The grant will finance a Response-Recovery-Resilience for Conflict-Affected Communities in Ethiopia Project, which targets to reach out more than five million people.

The project will support efforts to address the immediate needs of communities, rehabilitate/recover infrastructure destroyed by conflict, and increase community resilience to the impacts of conflict in a sustainable manner.

Specifically, the project will help to improve access to basic services, as well as rebuild climate-resilient infrastructure, prioritized by communities, the World Bank said in a statement.

To urgently meet the needs of conflict-affected communities, mobile units will be dispatched to provide key services including in the areas of education, health, water, and sanitation.

WB’s project has a national geographic scope, initially prioritizing support to the Afar, Amhara, Benishangul-Gumuz, Oromia, and Tigray regions, which have been highly impacted by the recent conflict and host large numbers of internally displaced peoples (IDPs).

The project will also provide Gender Based Violence (GBV) survivors with improved access to the services and comprehensive care needed to recover from the impacts of the violence they experienced.

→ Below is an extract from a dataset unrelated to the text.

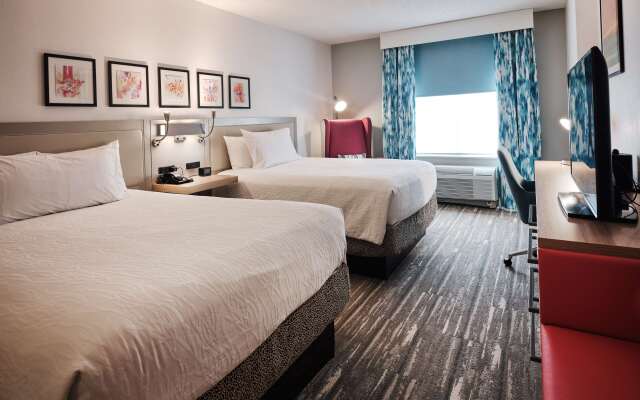 Hilton Garden Inn Denver Airport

Furthermore, it will support prevention interventions to address the underlying norms and dynamics that perpetuate GBV.

“Survivors of gender-based violence suffer devastating effects to their physical and mental health. In conflict-affected areas, they are unable to get the support they need to recover from trauma and be able to move forward,” said Ousmane Dione, World Bank Country Director for Eritrea, Ethiopia, South Sudan, and Sudan.

He added: “This project will help to improve access to health, psychosocial support, and legal services for GBV survivors in conflict-affected regions where quality response services are limited”.